NA RÁDIO COM CACAREJOS E CIDINHA

     



    Penso cá , com meus desgastados botões, porque o rádio no Brasil, salvo honrosas exceções, virou fundamentalmente uma trincheira dos evangélicos pentecostais emissários das trevas e dos difusores do pior típico de música do sistema solar justamente em um país que tem na música uma das suas maiores trincheiras. 

    Isso posto digo que cresci ouvindo rádio e entre as lembranças mais caras de minha infância no ABC paulista está tomar café da manhã ouvindo o "Pulo do gato" ou  "O Trabuco" com o finado, contundente e lendário Vicente Leporace . Segui vida afora ouvindo rádio e até hoje a primeira coisa que faço ao levantar e descer para o café na cozinha é ligar o rádio. E isso, todo dia, acaba por ser motivo de desalento porque me pergunto sempre quando foi que nossas rádios , digamos, jornalísticas se transformaram num uníssono de âncoras medíocres com pensamentos únicos conservadores e piadinhas xexelentas diante de câmeras que agora tiram o saudável e saudoso ar de casulo que a rádio tinha diante da televisão.

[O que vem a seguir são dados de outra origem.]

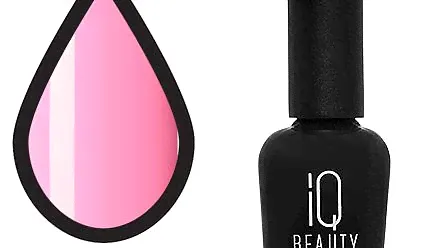 IQ Beauty, Гель-лак №037, 10мл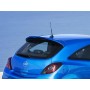 Opel Corsa D 3D OPC Look Roof Wing Spoiler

    Como as grandes empresas, digamos, "jornalísticas" fazem parte de conglomerados midiáticos  hegemônicos era óbvio que não fossem dar vez  a vozes mais progressistas ou alinhadas à esquerda . Muito menos a anarquistas que remam contra todas as correntes. Nem eu seria tolo de imaginar que fariam isso. Mas precisa que todas elas só empreguem e deem espaço a conservadores das mais variadas faixas etárias cujo currículo invariavelmente é apenas vencer na vida dizendo sim ? É flagrante o despreparo, a pouca leitura , a pouca formação intelectual e humanista da maioria desses, digamos, "âncoras". Só isso explica em parte o sucesso dessa figura lapidar do opinionismo desenfreado que é Reinaldo Azevedo e seus cacarejos eloquentes ,um ex-extremista de direita agora convertido a simpatizante da justiça ao reconhecer que cometeram graves injustiças contra Lula.

    Talvez por ser uma pérola entre os porcos por ter lido livros capitais para a formação de qualquer jornalista o cacarejador se ache acima do bem e do mal e tem uma legião nada desprezível de ouvintes , imagino hoje formada por gente conservadora agora arrependida de seu voto em Bozo. Mesmo assim suas pílulas de sabedoria - que lembram aqueles recadinhos que existiam dentro das gotas de pinho Alabarda- e seu grasnar de tia véia ao tentar interpretar boas canções da MPB são acordes dissonantes diante de outros tantos âncoras rasos e ignaros. Isso não quer dizer que eu aprecie o estilo e modos do tal "tio Rei" mas seu estilo neo Trabuco de Leporace o coloca acima da média . Um horror menor diante de tantos horrores.

    Mas  toda essa peroração não é para falar do sujeito em questão e sim da falta de acordes dissonantes no rádio. A ausência total de diversidade de opiniões e visões sobre a vida dura que estamos levando. É preciso tolerar tanta opinião inútil e inócua, sempre a defender liberalismo, livre mercado, prospecção de negócios , empreendedorismo , enfim , a voz dos patrões, para ouvir notícias simplesmente. Por isso , graças a aplicativos , hoje sou mais é fã da veteraníssima e afiadíssima Cidinha Campos que das 13 às 15 hs rouba a cena na super rádio tupi do Rio de Janeiro. Embora não seja um farol de sabedoria é articulada ,contundente e crítica na medida certa em relação a abusos cometidos  pelos desgovernos dos quais somos reféns. Prefiro esse papo direto e reto do que as perorações enfadonhas de tantos comentaristas e âncoras enfadonhos.